Marcus Aurelius, Meditations 9.31



Let there be freedom from perturbations with respect to the things that come from the external cause.

 And let there be justice in the things done by virtue of the internal cause, that is, let there be movement and action terminating in this, in social acts, for this is according to your nature.

—Marcus Aurelius, Meditations, Book 9.31 (tr Long)

I will often employ foolish little trinkets, signs, images, or phrases to help me get back on track. To this day, for example, I will deliberately look at a little glass bird someone gave me many years ago. It’s a nice piece of work, but the person who gifted it back then decided I was entirely disposable. It reminds me that people will not always keep their promises.

For me, this is now a good thing, a recognition of what trust is truly meant to be. Like viewing that figurine, I also repeat certain words to myself when I feel that I am about to break. I repeat to myself, often many times a day: “Take the Stoic Turn.”

I don’t believe in any magic to certain expressions, and I don’t think that a word says anything beyond what it signifies. Still, words have power. To “turn” can mean to revolve, to spin, to change direction, to move, to become something different.

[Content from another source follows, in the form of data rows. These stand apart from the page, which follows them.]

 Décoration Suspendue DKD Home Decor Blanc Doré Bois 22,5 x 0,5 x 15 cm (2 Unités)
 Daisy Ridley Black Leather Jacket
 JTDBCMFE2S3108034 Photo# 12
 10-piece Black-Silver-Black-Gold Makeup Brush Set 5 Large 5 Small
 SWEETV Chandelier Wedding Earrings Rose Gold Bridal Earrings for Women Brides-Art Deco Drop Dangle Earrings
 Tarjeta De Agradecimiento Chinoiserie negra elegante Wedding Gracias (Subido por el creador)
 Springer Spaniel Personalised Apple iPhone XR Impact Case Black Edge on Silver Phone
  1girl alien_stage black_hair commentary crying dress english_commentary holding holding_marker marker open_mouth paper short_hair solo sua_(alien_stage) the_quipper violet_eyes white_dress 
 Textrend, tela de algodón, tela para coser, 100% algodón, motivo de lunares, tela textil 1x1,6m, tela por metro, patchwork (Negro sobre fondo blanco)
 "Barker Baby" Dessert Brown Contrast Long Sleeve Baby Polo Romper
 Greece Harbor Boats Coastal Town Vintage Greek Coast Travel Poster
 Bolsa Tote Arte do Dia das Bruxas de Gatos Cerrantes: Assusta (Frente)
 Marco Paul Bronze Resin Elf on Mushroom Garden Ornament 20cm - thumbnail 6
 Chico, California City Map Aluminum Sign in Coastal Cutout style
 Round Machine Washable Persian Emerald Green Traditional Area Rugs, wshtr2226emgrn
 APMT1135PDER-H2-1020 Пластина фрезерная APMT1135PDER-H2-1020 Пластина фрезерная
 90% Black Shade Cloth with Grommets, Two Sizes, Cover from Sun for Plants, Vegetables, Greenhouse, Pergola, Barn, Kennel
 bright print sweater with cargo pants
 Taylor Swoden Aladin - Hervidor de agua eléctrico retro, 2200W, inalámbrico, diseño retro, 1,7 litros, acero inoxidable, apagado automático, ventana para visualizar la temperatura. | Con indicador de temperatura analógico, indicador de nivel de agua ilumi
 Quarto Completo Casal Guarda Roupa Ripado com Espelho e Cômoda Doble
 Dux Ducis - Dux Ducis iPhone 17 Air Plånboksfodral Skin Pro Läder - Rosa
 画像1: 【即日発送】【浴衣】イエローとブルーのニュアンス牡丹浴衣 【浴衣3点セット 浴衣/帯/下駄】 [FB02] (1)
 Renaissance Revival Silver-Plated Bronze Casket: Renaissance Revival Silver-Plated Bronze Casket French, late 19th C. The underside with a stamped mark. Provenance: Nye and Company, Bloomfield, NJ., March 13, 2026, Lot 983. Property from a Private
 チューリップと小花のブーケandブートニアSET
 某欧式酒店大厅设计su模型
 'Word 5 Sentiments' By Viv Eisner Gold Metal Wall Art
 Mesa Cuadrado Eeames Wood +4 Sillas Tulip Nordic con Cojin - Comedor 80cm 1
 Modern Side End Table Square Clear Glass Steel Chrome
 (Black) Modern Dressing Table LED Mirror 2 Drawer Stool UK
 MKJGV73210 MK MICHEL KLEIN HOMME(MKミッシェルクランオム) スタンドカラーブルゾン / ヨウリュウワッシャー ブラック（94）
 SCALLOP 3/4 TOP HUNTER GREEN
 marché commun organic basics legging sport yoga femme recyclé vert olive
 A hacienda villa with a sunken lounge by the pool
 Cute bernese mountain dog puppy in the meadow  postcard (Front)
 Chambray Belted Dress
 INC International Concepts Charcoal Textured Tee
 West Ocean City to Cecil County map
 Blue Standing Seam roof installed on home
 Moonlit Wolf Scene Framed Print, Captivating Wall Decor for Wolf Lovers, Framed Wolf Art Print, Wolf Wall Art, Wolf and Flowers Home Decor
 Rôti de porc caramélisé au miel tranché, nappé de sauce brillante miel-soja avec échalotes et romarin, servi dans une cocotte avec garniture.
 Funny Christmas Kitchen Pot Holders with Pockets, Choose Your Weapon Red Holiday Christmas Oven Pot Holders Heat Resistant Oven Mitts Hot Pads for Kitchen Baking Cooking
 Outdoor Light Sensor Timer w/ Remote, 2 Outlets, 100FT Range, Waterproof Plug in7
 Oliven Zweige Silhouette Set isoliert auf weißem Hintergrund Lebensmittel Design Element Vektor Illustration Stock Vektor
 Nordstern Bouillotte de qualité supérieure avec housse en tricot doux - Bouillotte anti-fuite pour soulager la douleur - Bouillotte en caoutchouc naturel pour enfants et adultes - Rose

To make a Stoic Turn, to me, means becoming a completely new person.

It means looking at everything quite backwards from the way it was familiar. And what is most familiar to us? We blame what happens to us, and we excuse what we do. We say that the world is wrong, and that we are right. We define who we are by our circumstances, and we forget our own character.

This, my friends, is where we need that Stoic Turn. No one has done us wrong. The world has never hurt us. The circumstances never make the man.

We only do ourselves wrong. We only fail to love the world. We only make of the circumstances what we will. 

What the world does, is precisely what the world does. I do not determine that, as much as I might like to. What I do is what I do. I do determine that, as much as I might not like to.

Take what comes from the outside, and let it be what it is. Look at what comes from the inside, and that is you, all you are, everything you are. Recognizing that is a Stoic Turn.

Think of it this way: you are not a victim, but you are a small creator.

That little bird once made me angry; it now helps me to love, to be social in all the right ways.